We drove home. We pulled into our parking spot. Nathan helped me out of the car and we tenderly walked toward our steps. My friend Megan was stopping by our neighbor’s house  with her precious son when we arrived. I remember hugging her and crying in each others arms. I remember squeezing her little boy – so warm and alive. It felt as if we had been in a time capsule. We had stepped out into a brand new world. We had new eyes and the way we perceived everything had changed.

We walked through our front door. Mary and I had made a giant “Welcome Home Keller” banner and hung it on our wall. It was the only thing I asked be taken down before we arrived. It was quite a loud reminder of something of which I needed no reminder. My parents, my sister, and Mary were all home. The weight of simply stepping into a home prepared perfectly for Keller was staggering. His rock-and-play sat in the corner. The nursing pillow and burp rags were placed near the rocking chair. His crib was snuggled next to our bed.
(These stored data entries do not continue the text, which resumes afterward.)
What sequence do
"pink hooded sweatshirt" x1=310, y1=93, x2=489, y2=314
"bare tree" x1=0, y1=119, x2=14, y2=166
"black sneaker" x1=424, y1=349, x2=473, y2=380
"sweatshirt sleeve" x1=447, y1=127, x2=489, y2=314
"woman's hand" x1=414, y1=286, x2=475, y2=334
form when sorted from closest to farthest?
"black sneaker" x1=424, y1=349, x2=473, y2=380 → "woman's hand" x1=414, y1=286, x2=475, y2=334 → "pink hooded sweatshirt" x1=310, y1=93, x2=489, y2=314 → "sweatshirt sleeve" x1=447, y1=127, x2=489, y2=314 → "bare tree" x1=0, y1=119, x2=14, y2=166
I’m fairly certain I even had his activity mat set up, complete with toys long enough for a newborn to swat. Everything was ready for a son that would never come home. A brain in such distress simply cannot process so much stimuli at once. There were many, MANY times in the following days and weeks, that (just like a newborn) I would become easily over stimulated and have to retreat for a bit in order to weep and regroup. Our bedroom became our sanctuary. Our house was soon bursting with family and loved ones. The noise and life brought incredible comfort, but it was often too much for us to participate in. So, we would excuse ourselves to our bedroom and weep all we needed. Just hearing loved ones surrounding us on the other side of the door was comfort.

I need to pay tribute to the family that surrounded us in those following days and weeks – another verse to our “love song” if you will.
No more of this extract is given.